__WHAT IS EXPECTED__: Write out the lines below exactly, beginning at the one with "Alt view image" and stopping after the one with "vidaXL Eettafelstoelen 2"; the pictures are not copied.
:: MATERIAL SUPPLIED
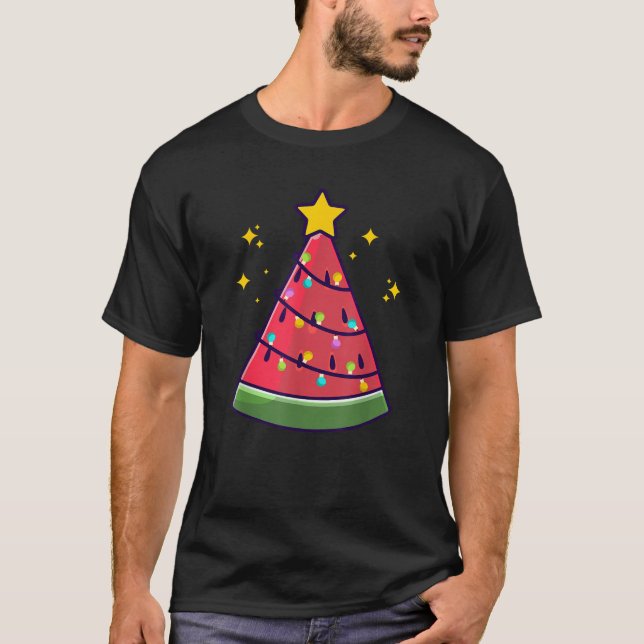 Jul i juli: Watermelon Sommar Julafton Träd Cute T Shirt (Framsida)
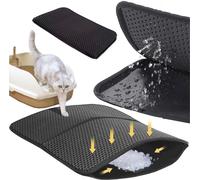 Tapis pour chat sous les toilettes antidérapant 60X45 cm noir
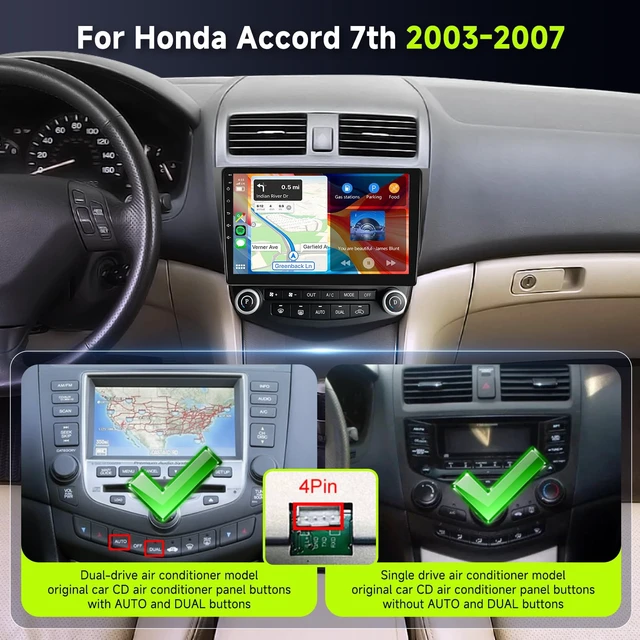 Alt view image 3 of 7 - 5Ghz WiFi 8Core 4G+64G Radio for Honda Accord 7th 2003-2007,Car Stereo with Wireless Carplay Android Auto,10.1'' 1280x720P IPS Screen,DSP 46EQ,5.0Bluetooth,IP69K Backup Camera,MirrorLink RCA SWC FM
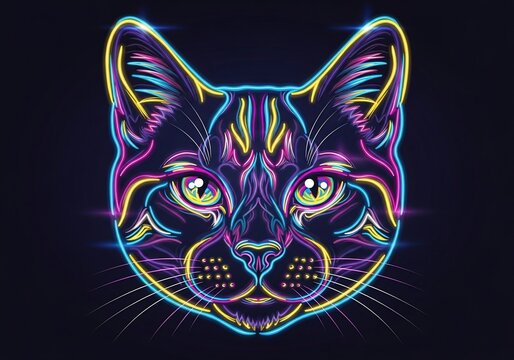 Neon Muse: A Digital Feline Dream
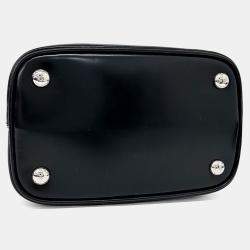 مملوكة مسبقًا حقيبة توت برادا سوداء جلد لامع 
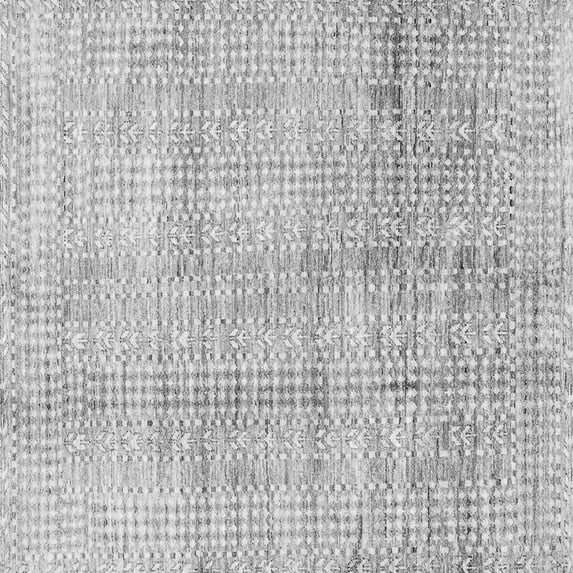 Ahgly Company Indoor Square Abstract Gray Modern Area Rugs, 7' Square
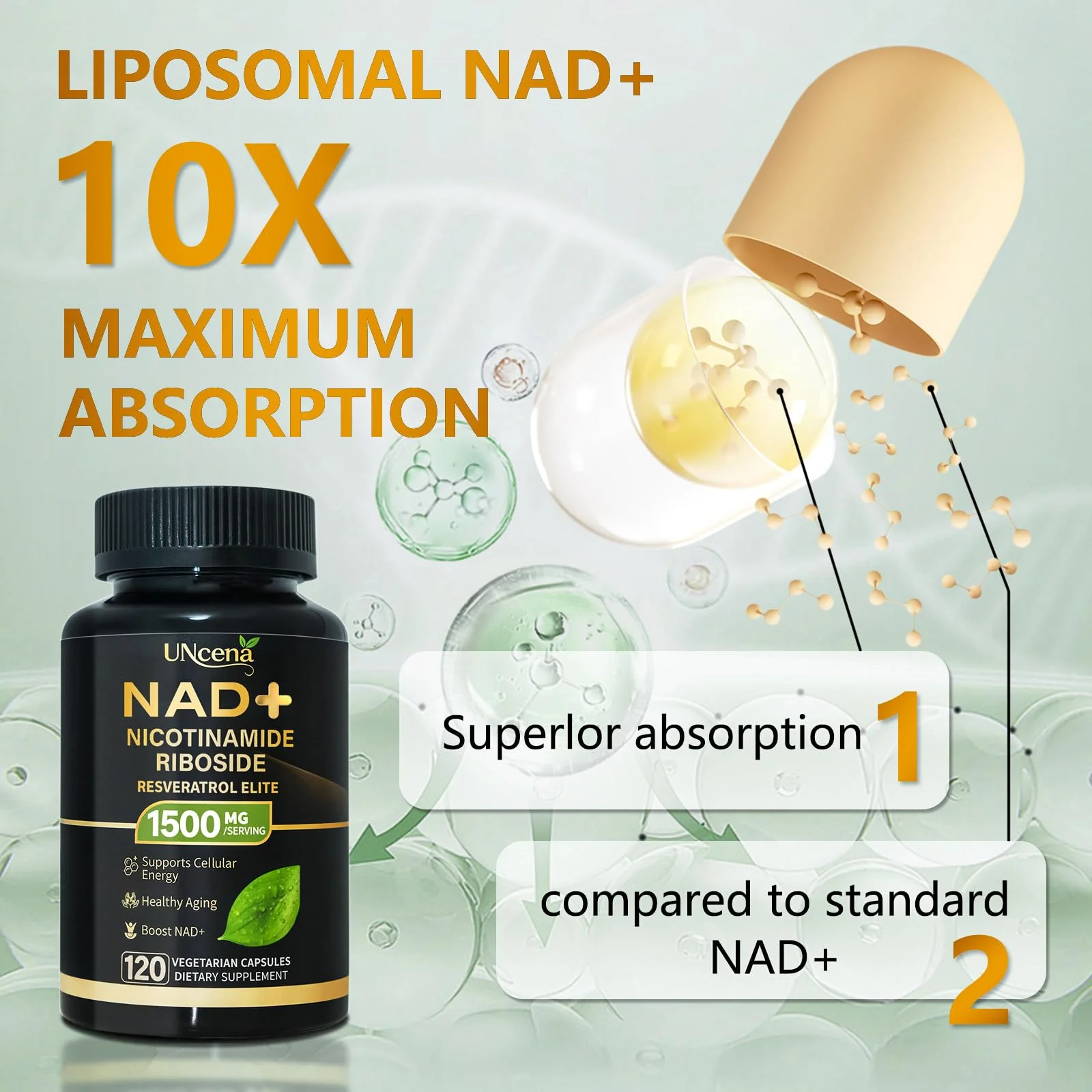 UNcena NAD Supplement 1500mg – Liposomal NR with Resveratrol | Support Cellular Health & Healthy Aging (Pack of 2) - Image 2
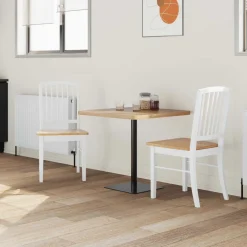 vidaXL Eettafelstoelen 2 st Massief Rubberhout Wit 50 x 52,5 x 91 cm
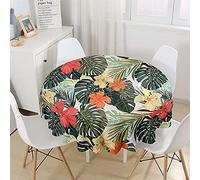 Chickwin-Shop Mantel Redondo Estampado Floral Nórdico, Mantel para Mesa Impermeable y Antimanchas, Mantel de Poliéster para Jardin, Comedor, Cocina, Salón Decoración (Monstera,150cm)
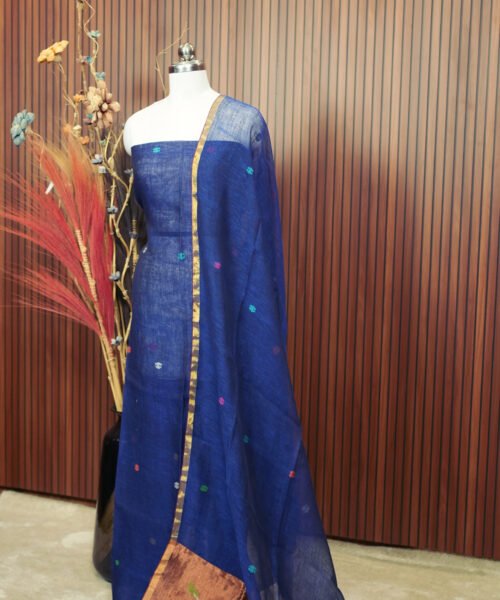 Alternative view of Pure Jayashree Linen Paithani Design Salwar Suit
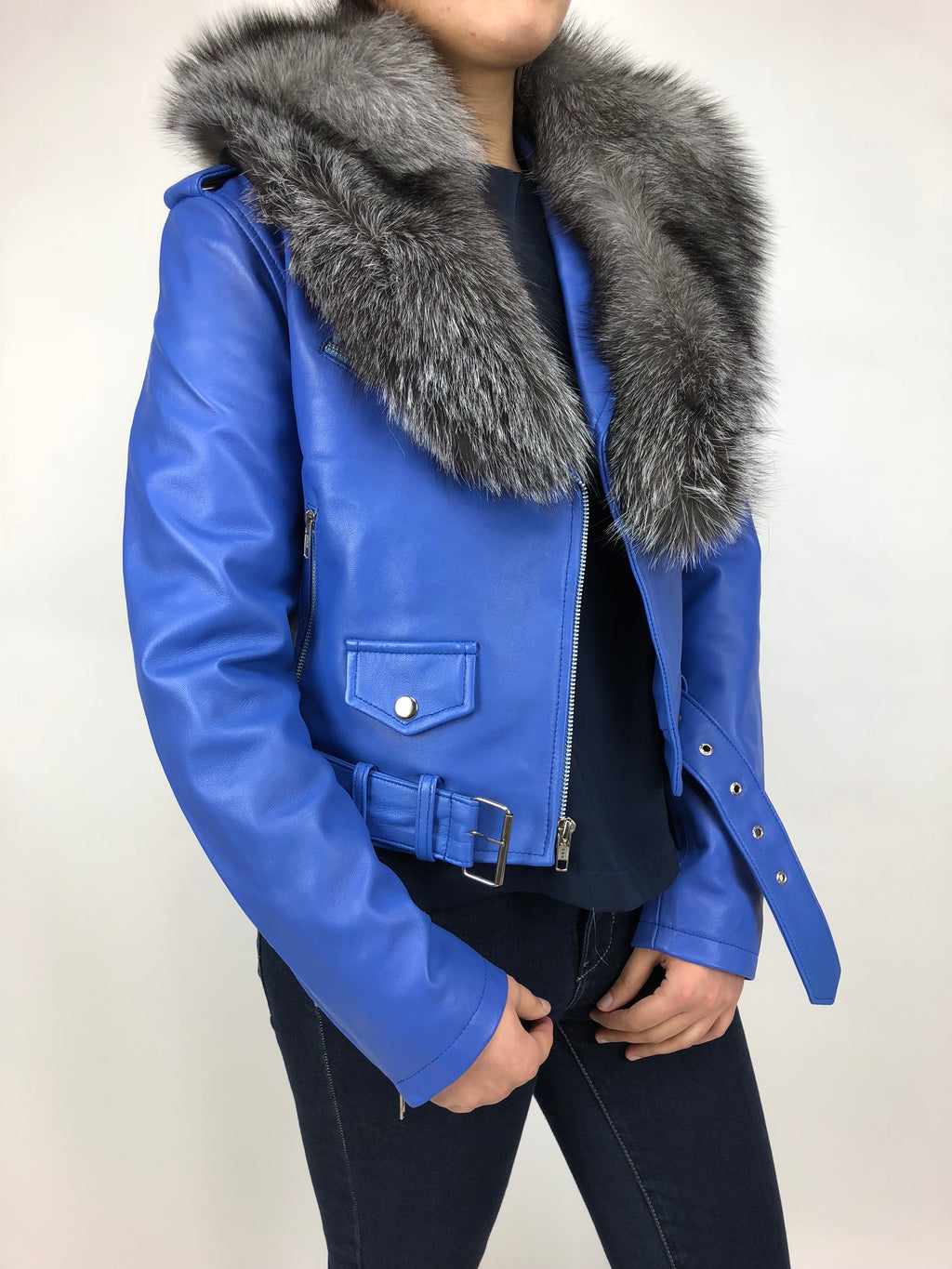 Women's Classic Biker Royal Blue With Fox Collar [ SLIM FIT ]
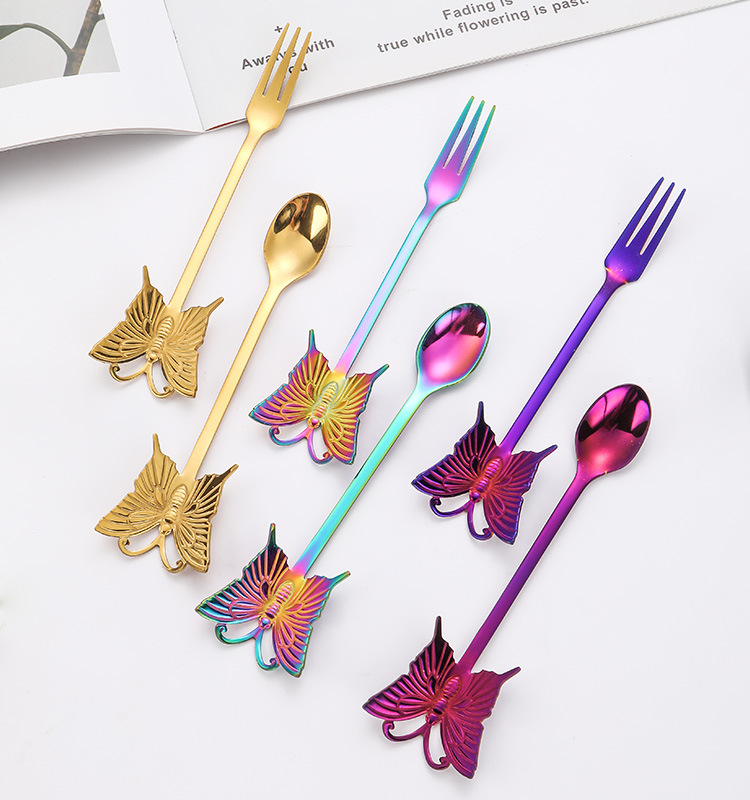 Butterfly Design 304 Stainless Steel Spoon and Fork, Hanging Coffee Spoon, Gold Plated Dessert Spoon Fruit Fork, Gift Tableware - Image 4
::::
__SOLUTION FOR THIS TASK__:
 Alt view image 3 of 7 - 5Ghz WiFi 8Core 4G+64G Radio for Honda Accord 7th 2003-2007,Car Stereo with Wireless Carplay Android Auto,10.1'' 1280x720P IPS Screen,DSP 46EQ,5.0Bluetooth,IP69K Backup Camera,MirrorLink RCA SWC FM
 Neon Muse: A Digital Feline Dream
 مملوكة مسبقًا حقيبة توت برادا سوداء جلد لامع 
 Ahgly Company Indoor Square Abstract Gray Modern Area Rugs, 7' Square
 UNcena NAD Supplement 1500mg – Liposomal NR with Resveratrol | Support Cellular Health & Healthy Aging (Pack of 2) - Image 2
 vidaXL Eettafelstoelen 2 st Massief Rubberhout Wit 50 x 52,5 x 91 cm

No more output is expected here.